著者
小田部 胤久
出版者
美学会
雑誌
美學 (ISSN:05200962)
巻号頁・発行日
vol.45, no.4, pp.23-33, 1995-03-31

In European aesthetics in the first half of the eighteenth century "illusion theory" was predominant. This was founded on two basic postulates : 1) the copy, namely the work of art, should be 'transparent' in its representation of the original, 2) the 'address (i.e. skill) of the artist' arouses less interest as compared with "original'. The purpose of this paper is to show how Moses Mendelssohn, who had once accepted illusion theory in the Uber die Empfindungen (1755) and the Betrachtungen uber die Quellen...(1757), came to deny it, and what theoretical innovations he thence enabled. Lessing's explanation of the "vermischte Empfindungen" (see the Briefwechsel uber das Trauerspiel in 1757) made Mendelssohn aware of the insufficiency of the first postulate, and his own reflectiont on the sublime, especially on the 'subjective sublime' in the Uber das Erhabene... (1757) led him to deny the second postulate.
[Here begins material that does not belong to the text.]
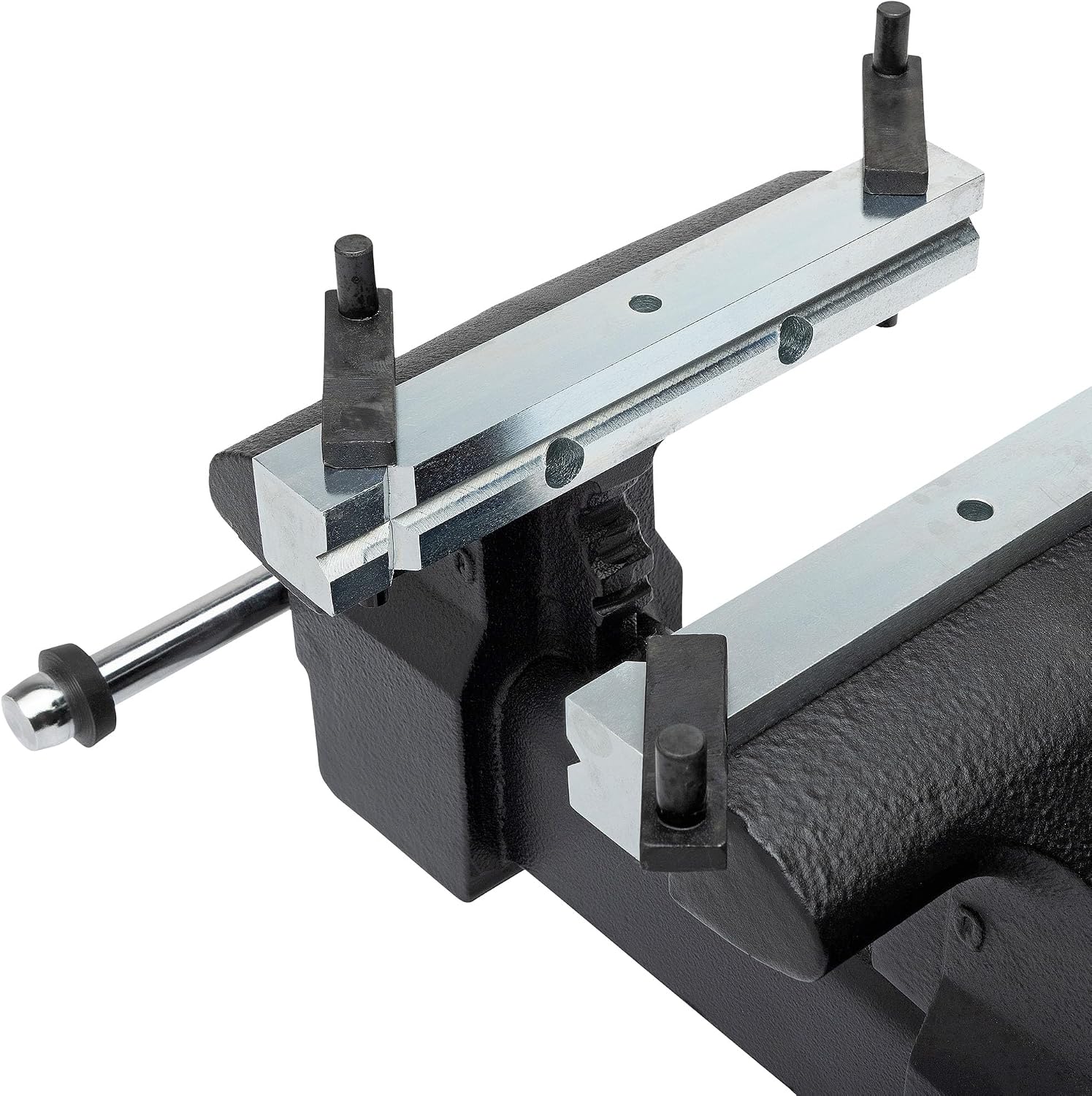 Yost MV-7 Multipurpose 7' Wide Jaw Homeowners Bench Vise | Industrial & Workshop-Grade Work Table Mechanic Tools for Wood Working, Metal Works, & DIY Projects | 360° Swivel Base | Includes 4 Jaw Dogs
The late Mendelssohn insisted : 1) the postulate of the transparency of representation is ill-founded because it does not take account of the representing subject, i.e. the recipient, 2) the work of art is a 'stamp of the abilities of the artist'. In conclusion : The traditional dualism 'original-copy' was about to transform itself into the modern scheme 'artist-work of art-recipient'.